The land was all distributed to them by lot and now they had to go in and settle it. They were securely established in the land and safe. The bridgehead had been established, and more. And the process of settlement was in progress. Indeed they had at present on the whole as much as they could hope to occupy and cultivate. The remainder would become theirs as time progressed, at which point they were to clear it of Canaanites.
‘ And YHWH gave them rest round about according to all that he swore to their fathers and there stood not a man of all their enemies before them. YHWH delivered all their enemies into their hands. There failed not ought of any good thing that YHWH had spoken to the house of Israel. All came about.’

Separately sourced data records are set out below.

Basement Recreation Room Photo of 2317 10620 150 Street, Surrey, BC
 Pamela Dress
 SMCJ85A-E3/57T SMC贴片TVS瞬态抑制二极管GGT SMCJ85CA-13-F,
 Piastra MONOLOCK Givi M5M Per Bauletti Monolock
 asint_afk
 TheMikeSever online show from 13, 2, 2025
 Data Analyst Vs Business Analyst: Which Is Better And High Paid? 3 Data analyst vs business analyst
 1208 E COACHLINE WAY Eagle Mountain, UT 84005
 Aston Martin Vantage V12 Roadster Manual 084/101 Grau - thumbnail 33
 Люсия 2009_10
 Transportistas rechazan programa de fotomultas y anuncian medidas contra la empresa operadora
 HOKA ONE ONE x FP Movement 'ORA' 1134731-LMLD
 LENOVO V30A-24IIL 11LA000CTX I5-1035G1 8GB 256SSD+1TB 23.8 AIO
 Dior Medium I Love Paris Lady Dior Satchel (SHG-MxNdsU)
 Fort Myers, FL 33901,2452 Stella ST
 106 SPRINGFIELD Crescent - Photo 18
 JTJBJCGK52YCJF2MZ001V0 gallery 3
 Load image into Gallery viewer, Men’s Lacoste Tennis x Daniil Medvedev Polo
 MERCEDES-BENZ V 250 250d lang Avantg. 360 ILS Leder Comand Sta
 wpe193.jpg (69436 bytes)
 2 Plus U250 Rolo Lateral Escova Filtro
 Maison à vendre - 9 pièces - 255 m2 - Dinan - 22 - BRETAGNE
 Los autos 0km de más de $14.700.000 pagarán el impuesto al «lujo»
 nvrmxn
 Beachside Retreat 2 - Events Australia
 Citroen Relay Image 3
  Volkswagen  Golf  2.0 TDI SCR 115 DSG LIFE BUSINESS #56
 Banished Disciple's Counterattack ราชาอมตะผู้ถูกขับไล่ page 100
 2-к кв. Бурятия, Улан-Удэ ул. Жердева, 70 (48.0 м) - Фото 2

These words are also based on previous statements and promises, compare Joshua 1:13; Joshua 10:8. What God had promised He had done.
The storms ahead were not yet visible, and the writer believed that God could deal with the storms as long as Israel were faithful to the covenant. They were at rest in the land. They had suffered no permanent defeat to this stage. All their enemies had in the end fallen before them. All that God had promised had happened. The Transjordan contingents could now be released to return home.
The writer has in mind chapters 1-12. Chapters 13-21 are viewed as still future in actual fulfilment. That was what yet had to be. Thus he could declare that the land was at rest (Joshua 11:23; Joshua 14:15) although much land remained to be possessed (Joshua 13:1), and even more to be settled.